Stars Down to Earth: An Interview with Artist DAVID-JEREMIAH

Gideon Jacobs
Once you enter a space that houses the work of Texas artist David-Jeremiah, there is no opting out. His installations and performances often implicate their audience at the point of engagement. Visitors to “G’ordiavonte Fold,” his exhibition at anonymous gallery in New York this past spring, entered a room to behold a giant black American flag constructed out of various materials – most notably Lamborghini floor mats. Surrounding the flag was a white powder boundary made of crushed chalk, chicken-flavored ramen noodles, and pig skull. A perfectly small amount of space around the work allowed visitors to navigate the room without stepping in the powder and tracking it onto the black mats. The installation presented viewers with a choice: to tip toe around the piece, or to walk freely within the gallery, their footprints contributing to the “whitewashing” of the black flag in its center. It’s a simple conceit, one that positions neutrality in the face of systemic racism as more than an insidious force, but an impossibility, a myth.
K.O. Nnamdie/Restaurant Projects invited me to speak to David-Jeremiah about this work and others as his show at anonymous gallery was coming to a close, and as his exhibition at von ammon co in Washington, D.C., was getting underway.

Gideon Jacobs: Let’s talk about the materials you used in the piece for anonymous gallery. You constructed the American flag, a sacred symbol of nationalism, out of products that some probably wouldn’t think of as sacred—dry ramen, Lamborghini floor mats. For the record, I personally consider ramen more sacred than the American flag.

David-Jeremiah: First off, the Lamborghini is one of my two main conceptual inspirations. Body, machine, object – however you want to categorize it – Lamborghinis are the most aesthetically pleasing things I’ve ever seen. But the company got past their numerical names – they started coining them hoes after formidable fighting bulls. So, you have this perfect, beautiful, futuristically aggressive machine/body, built for performance, whose essence is trapped in ritualistic violence. Ritualistic violence is definitely one way you could describe bullfighting. If there’s another perfect, beautiful body built for performance – one that’s also trapped in the mix of ritualistic violence – it’s the human body. Obviously, since we can’t stop doing each other dirty. So any time I make a Lambo reference – using shape, a color scheme, or a shout-out – it’s just me connecting the object to humanity in a very specific, flesh-and-blood visceral way, a gore that stays desirable while performing itself.
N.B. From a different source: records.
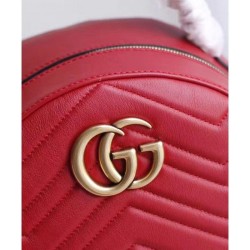 Wholesale GG Marmont Quilted Leather Backpack Bag 476671 Red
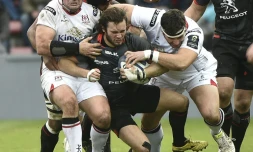 L'ailier toulousain Alexis Palisson (c) en Coupe d'Europe face à l'Ulster, le 20 décembre 2015 au stade Ernest-Wallon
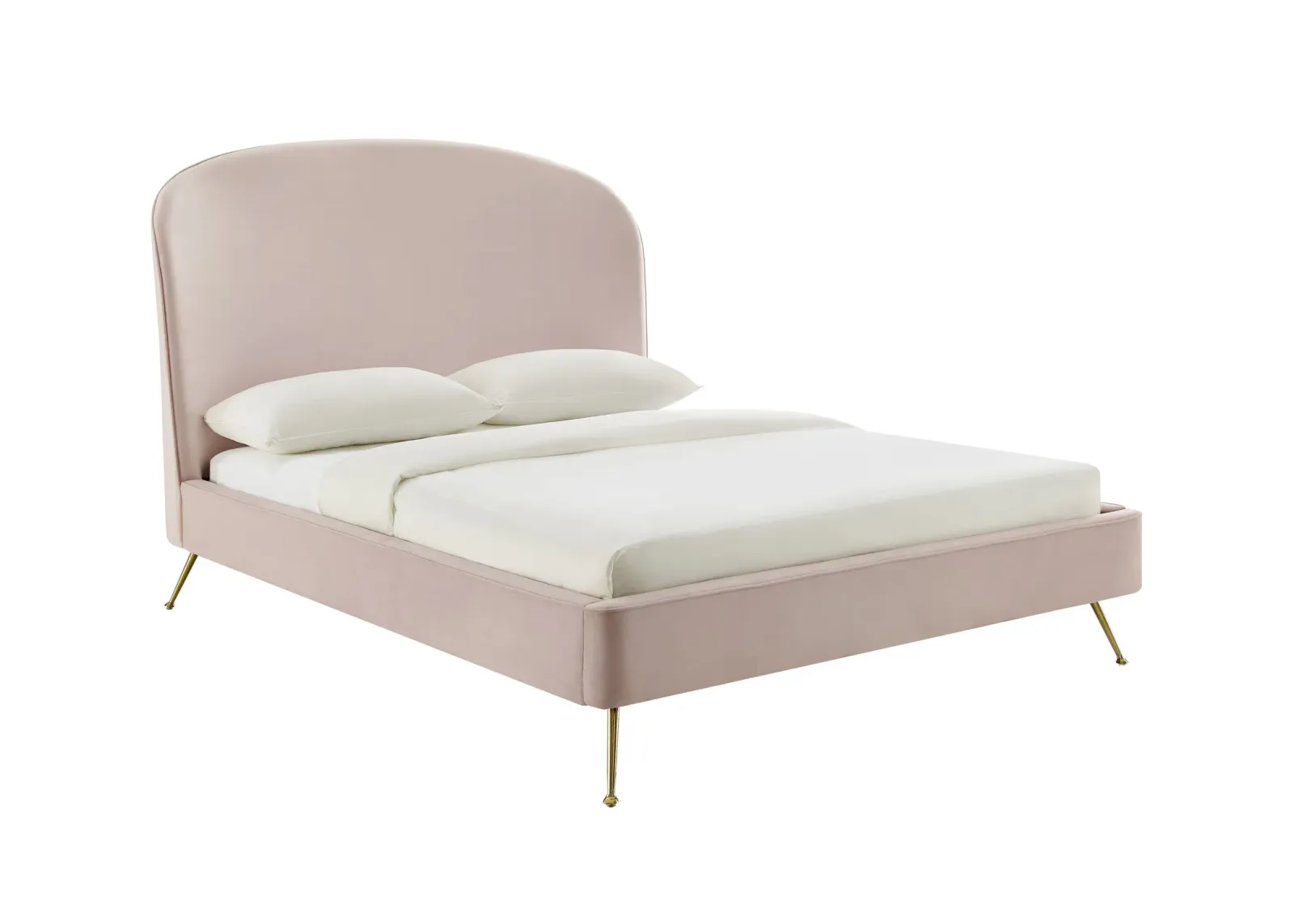 Vivi Blush Velvet Bed in Queen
A lot of ritual is about boundary and passage: inviting in and closing off, and vice versa. A huge element of that dynamic – especially in Africa – is ritualistic powder. It’s usually made of grains and ground animal or human bone. In America, it might as well be a chalk outline. I let the chalk stay itself, because it’s the most American element: here, we act like we change, so I decided to force self-respect by keeping that material what it really is. The grain relates more to the personal side of interpretation: I had a nearly four-year “staycation” – and even alien niggas on other planets know what’s up with ramen in the American penal system. Finally, the ground bone had to be pig bones – on some fuck-the-laws type shit, but at the same time on some respect-that-it-is-what-it-is-when-it-has-to-be type shit. The one ground pig head represents one very specific dead pig, the only one a nigga can think of to respect: Christopher Dorner. The head turns shit into a trophy, because smoking Dorner had to be the ultimate trophy for the other cops who finally dropped him.

The flag is double-sided, with the traditional tri-color side lying prostrate as if it’s enduring the ultimate disrespect to support the all-black nigga side – not only by touching the ground but tooted face-down, ass-up in this hoe while everybody applies more and more pressure on it by reclaiming the negative of a chalk outline into a positive. The outline literally goes from being something that needs to have something inside it in order to be whole, to something that’s full when it’s transferred in the form of a footprint – all with the nigga side’s “permission.” They love to label that kind of shit as empowerment, but at the end of the day, it just gets whitewashed in the most mutually disrespectful way possible, and the white savior/institution gets to save the day while tricking the niggas into internalizing it all just enough for them to save face and run the next play – some Prince Harry type shit.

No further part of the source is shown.